高校卒業後に就職するか、大学や専門学校へ進むか。周りが進学を選んでいると、「今すぐ働くのは早すぎるのかな」「あとで後悔しないかな」と不安になりますよね。
結論から言うと、高校卒業後に就職するメリットは確かにあります。早く収入を得られること、実務経験を積めること、学費や奨学金の負担を避けやすいことは大きな強みです。ただし、勢いだけで決めると、仕事内容や労働条件が合わずに苦しくなることもあります。
この記事では、高校卒業後の就職を「進学より上か下か」ではなく、自分に合う進路かどうかで判断できるように整理します。メリットだけでなくデメリット、向いている人、就職先の探し方までまとめるので、親や先生と話す前の材料として使ってください。
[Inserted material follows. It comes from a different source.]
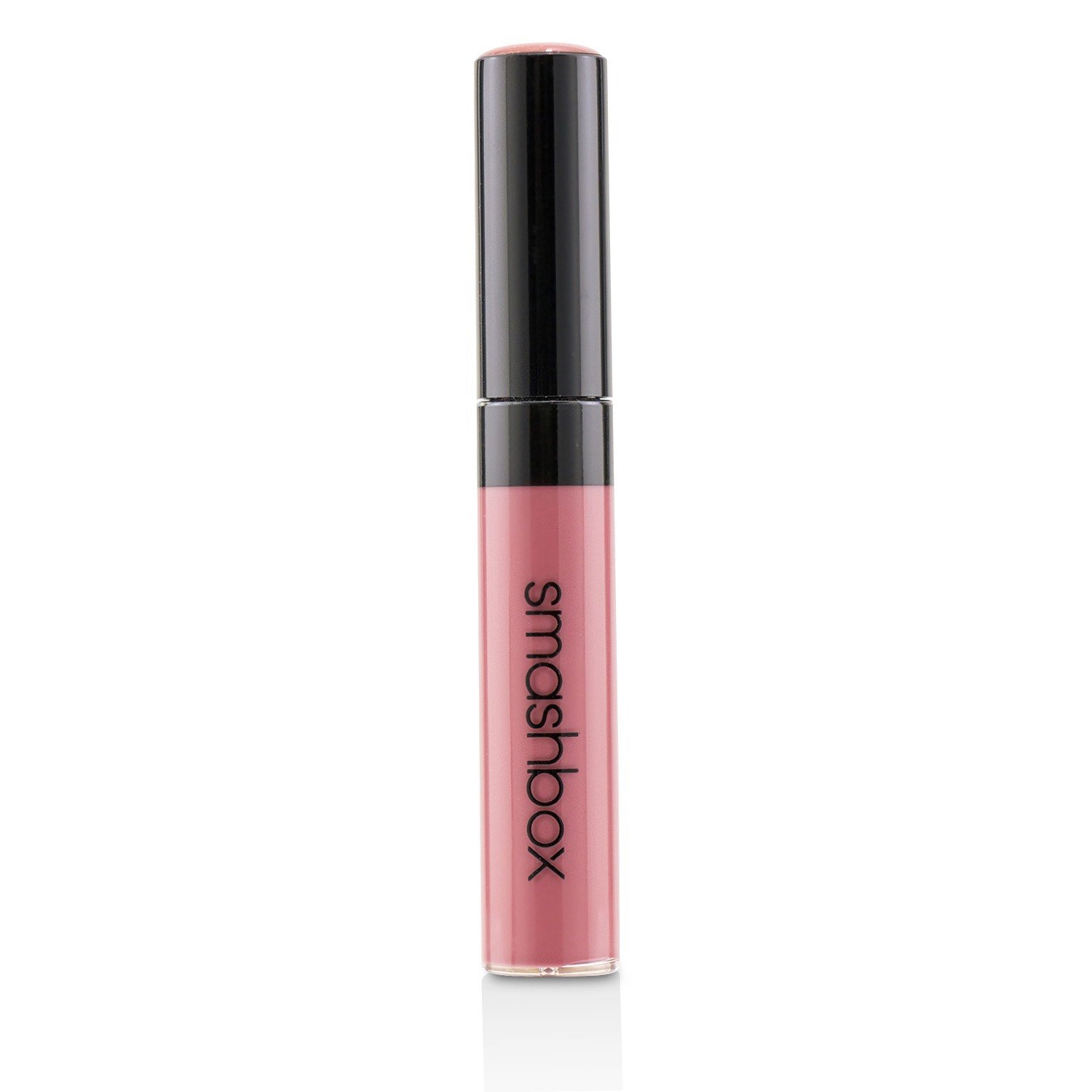 Smashbox Be Legendary Liquid Lip 8ml/0.27oz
- 高校卒業後に就職するメリットは収入・経験・学費負担の少なさ
- 後悔しやすいのは仕事内容や条件を確認せずに決めたケース
- 進学と就職は優劣ではなく目的との相性で選ぶ
- 就職先選びでは研修・残業・離職率・相談先を確認する
高校卒業後に就職するメリット

高校卒業後に就職する一番の特徴は、進学組より早く社会人としての時間が始まることです。給料をもらいながら生活力を身につけ、現場でしか学べない仕事の進め方を経験できます。ここでは、まず良い面と注意点を両方見ていきます。
高卒就職のメリットを整理
高校卒業後に就職するメリットとして最初に大きいのは、早く収入を得られることです。大学や専門学校へ進む場合は、学費を払いながら数年間を過ごします。一方で就職を選べば、18歳前後から毎月の給料が入り、生活費、スマホ代、通勤費、貯金、家への支援などを自分で管理する経験が始まります。お金の管理は机上の勉強だけでは身につきにくいので、早くから自分の収支を見られることはかなり大きな学びになります。
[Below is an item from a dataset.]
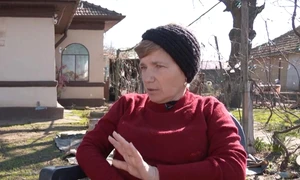 femeie administrator fara voie jpg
次に、実務経験を早く積める点も見逃せません。仕事では、時間を守る、報告する、失敗したら相談する、相手に伝わる言葉で話す、といった基礎が毎日のように求められます。これはどの業界でも使える力です。大学生がアルバイトやインターンで少しずつ社会に触れている間に、あなたは正社員として責任ある仕事を経験できます。最初は戸惑っても、数年後には同年代より現場感覚が身についている可能性があります。
また、進学費用や奨学金の負担を避けやすいのも現実的なメリットです。もちろん、進学には進学の価値があります。ただ、目的が曖昧なまま数百万円単位の学費をかけると、卒業後に「何のための進学だったんだろう」と感じることがあります。働きながら必要な資格を取る、会社の研修制度を使う、後から専門学校や通信制大学を検討する、という順番もあります。高卒で就職するなら、早く稼ぐことを目的にするだけでなく、稼いだお金をどう使って次の選択肢を増やすかまで考えるのがコツです。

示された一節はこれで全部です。